---- WORKING DATA

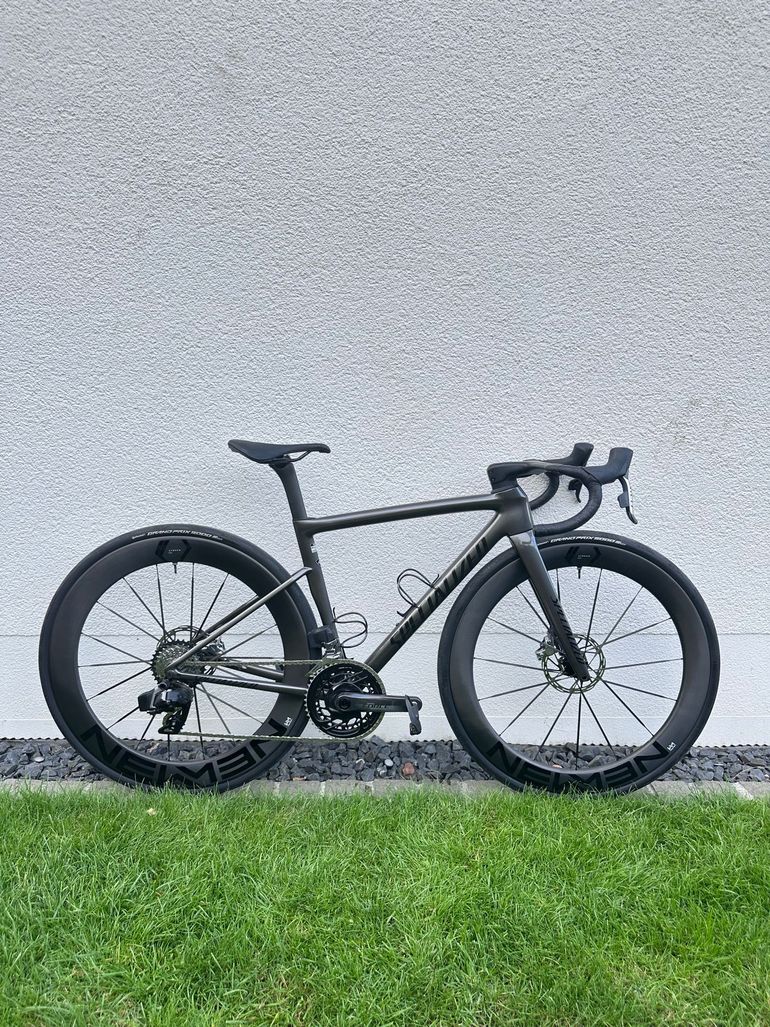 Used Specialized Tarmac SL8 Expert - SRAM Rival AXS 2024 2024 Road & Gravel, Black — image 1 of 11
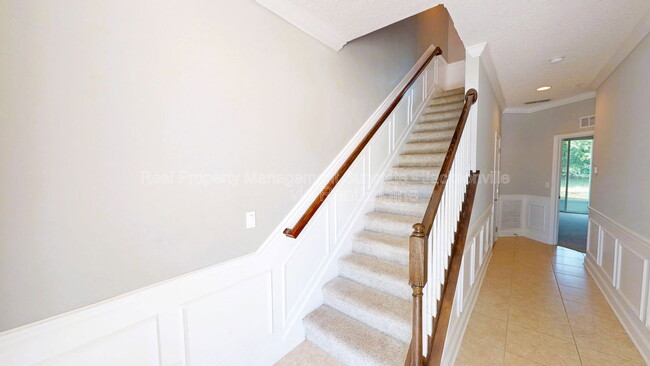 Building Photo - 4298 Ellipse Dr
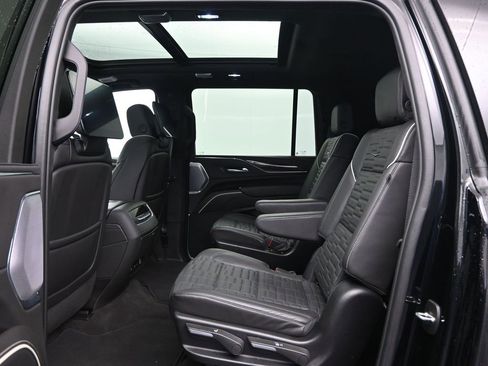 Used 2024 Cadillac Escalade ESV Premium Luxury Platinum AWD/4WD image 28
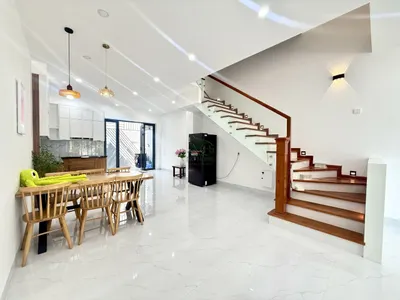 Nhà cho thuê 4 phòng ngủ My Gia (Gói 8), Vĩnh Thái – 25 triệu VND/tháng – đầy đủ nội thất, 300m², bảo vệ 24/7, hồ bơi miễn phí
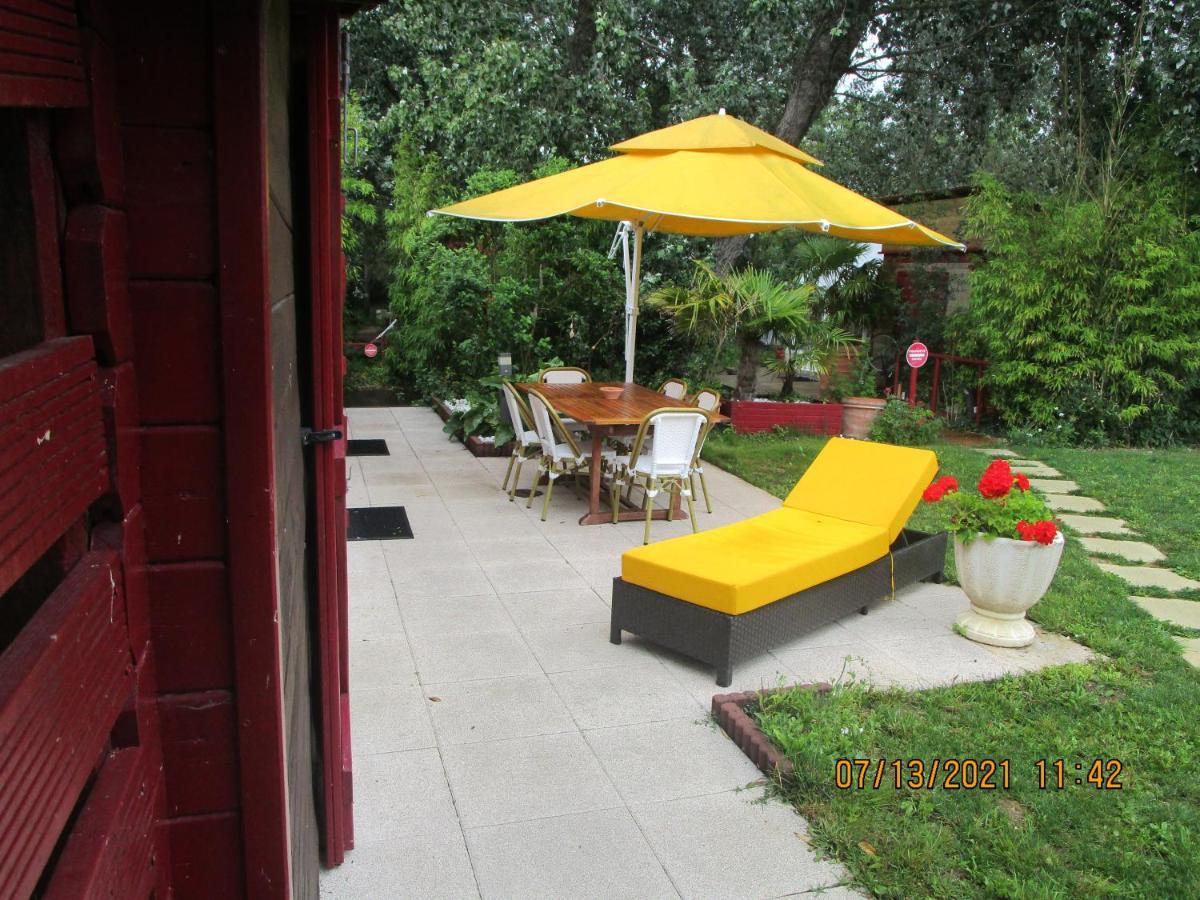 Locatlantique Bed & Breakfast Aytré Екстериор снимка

--------

Leave out any pictures and return exactly the lines from the beginning of the data through the line with "Nhà cho thuê", inclusive.

• ANSWER AREA:
 Used Specialized Tarmac SL8 Expert - SRAM Rival AXS 2024 2024 Road & Gravel, Black — image 1 of 11
 Building Photo - 4298 Ellipse Dr
 Used 2024 Cadillac Escalade ESV Premium Luxury Platinum AWD/4WD image 28
 Nhà cho thuê 4 phòng ngủ My Gia (Gói 8), Vĩnh Thái – 25 triệu VND/tháng – đầy đủ nội thất, 300m², bảo vệ 24/7, hồ bơi miễn phí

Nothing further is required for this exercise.